<<<<

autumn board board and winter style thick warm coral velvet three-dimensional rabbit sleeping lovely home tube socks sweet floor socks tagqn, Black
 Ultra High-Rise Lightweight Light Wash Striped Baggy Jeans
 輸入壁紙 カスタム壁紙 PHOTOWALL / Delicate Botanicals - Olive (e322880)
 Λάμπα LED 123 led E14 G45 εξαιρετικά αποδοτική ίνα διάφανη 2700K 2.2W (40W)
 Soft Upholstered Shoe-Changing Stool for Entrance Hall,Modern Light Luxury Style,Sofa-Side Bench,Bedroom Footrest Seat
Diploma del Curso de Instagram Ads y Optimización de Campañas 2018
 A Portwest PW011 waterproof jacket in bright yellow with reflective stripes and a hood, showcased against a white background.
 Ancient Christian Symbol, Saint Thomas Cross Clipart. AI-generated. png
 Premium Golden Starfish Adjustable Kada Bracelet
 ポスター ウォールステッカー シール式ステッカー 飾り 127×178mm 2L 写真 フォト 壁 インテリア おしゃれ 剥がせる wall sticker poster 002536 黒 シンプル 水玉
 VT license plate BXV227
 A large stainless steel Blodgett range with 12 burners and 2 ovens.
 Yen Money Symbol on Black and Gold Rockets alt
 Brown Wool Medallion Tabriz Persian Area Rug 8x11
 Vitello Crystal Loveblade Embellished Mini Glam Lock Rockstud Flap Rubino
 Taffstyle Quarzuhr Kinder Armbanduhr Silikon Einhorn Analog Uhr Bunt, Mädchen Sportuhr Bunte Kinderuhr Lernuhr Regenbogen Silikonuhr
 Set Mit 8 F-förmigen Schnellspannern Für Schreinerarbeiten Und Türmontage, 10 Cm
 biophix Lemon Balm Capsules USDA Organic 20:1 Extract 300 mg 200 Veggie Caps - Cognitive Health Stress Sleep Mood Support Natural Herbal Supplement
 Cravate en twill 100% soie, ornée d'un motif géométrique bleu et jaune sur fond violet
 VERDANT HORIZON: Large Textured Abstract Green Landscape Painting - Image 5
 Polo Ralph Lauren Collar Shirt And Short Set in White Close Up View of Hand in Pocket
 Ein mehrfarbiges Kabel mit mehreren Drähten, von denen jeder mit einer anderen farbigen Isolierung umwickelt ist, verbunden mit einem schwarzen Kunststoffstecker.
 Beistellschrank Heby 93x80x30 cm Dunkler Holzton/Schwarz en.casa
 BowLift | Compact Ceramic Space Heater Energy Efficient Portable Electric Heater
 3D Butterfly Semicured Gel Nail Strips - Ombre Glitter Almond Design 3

>>>>

_What the task asks_: Exactly as they stand, write out all of the entries.

_Answer box_:
autumn board board and winter style thick warm coral velvet three-dimensional rabbit sleeping lovely home tube socks sweet floor socks tagqn, Black
 Ultra High-Rise Lightweight Light Wash Striped Baggy Jeans
 輸入壁紙 カスタム壁紙 PHOTOWALL / Delicate Botanicals - Olive (e322880)
 Λάμπα LED 123 led E14 G45 εξαιρετικά αποδοτική ίνα διάφανη 2700K 2.2W (40W)
 Soft Upholstered Shoe-Changing Stool for Entrance Hall,Modern Light Luxury Style,Sofa-Side Bench,Bedroom Footrest Seat
Diploma del Curso de Instagram Ads y Optimización de Campañas 2018
 A Portwest PW011 waterproof jacket in bright yellow with reflective stripes and a hood, showcased against a white background.
 Ancient Christian Symbol, Saint Thomas Cross Clipart. AI-generated. png
 Premium Golden Starfish Adjustable Kada Bracelet
 ポスター ウォールステッカー シール式ステッカー 飾り 127×178mm 2L 写真 フォト 壁 インテリア おしゃれ 剥がせる wall sticker poster 002536 黒 シンプル 水玉
 VT license plate BXV227
 A large stainless steel Blodgett range with 12 burners and 2 ovens.
 Yen Money Symbol on Black and Gold Rockets alt
 Brown Wool Medallion Tabriz Persian Area Rug 8x11
 Vitello Crystal Loveblade Embellished Mini Glam Lock Rockstud Flap Rubino
 Taffstyle Quarzuhr Kinder Armbanduhr Silikon Einhorn Analog Uhr Bunt, Mädchen Sportuhr Bunte Kinderuhr Lernuhr Regenbogen Silikonuhr
 Set Mit 8 F-förmigen Schnellspannern Für Schreinerarbeiten Und Türmontage, 10 Cm
 biophix Lemon Balm Capsules USDA Organic 20:1 Extract 300 mg 200 Veggie Caps - Cognitive Health Stress Sleep Mood Support Natural Herbal Supplement
 Cravate en twill 100% soie, ornée d'un motif géométrique bleu et jaune sur fond violet
 VERDANT HORIZON: Large Textured Abstract Green Landscape Painting - Image 5
 Polo Ralph Lauren Collar Shirt And Short Set in White Close Up View of Hand in Pocket
 Ein mehrfarbiges Kabel mit mehreren Drähten, von denen jeder mit einer anderen farbigen Isolierung umwickelt ist, verbunden mit einem schwarzen Kunststoffstecker.
 Beistellschrank Heby 93x80x30 cm Dunkler Holzton/Schwarz en.casa
 BowLift | Compact Ceramic Space Heater Energy Efficient Portable Electric Heater
 3D Butterfly Semicured Gel Nail Strips - Ombre Glitter Almond Design 3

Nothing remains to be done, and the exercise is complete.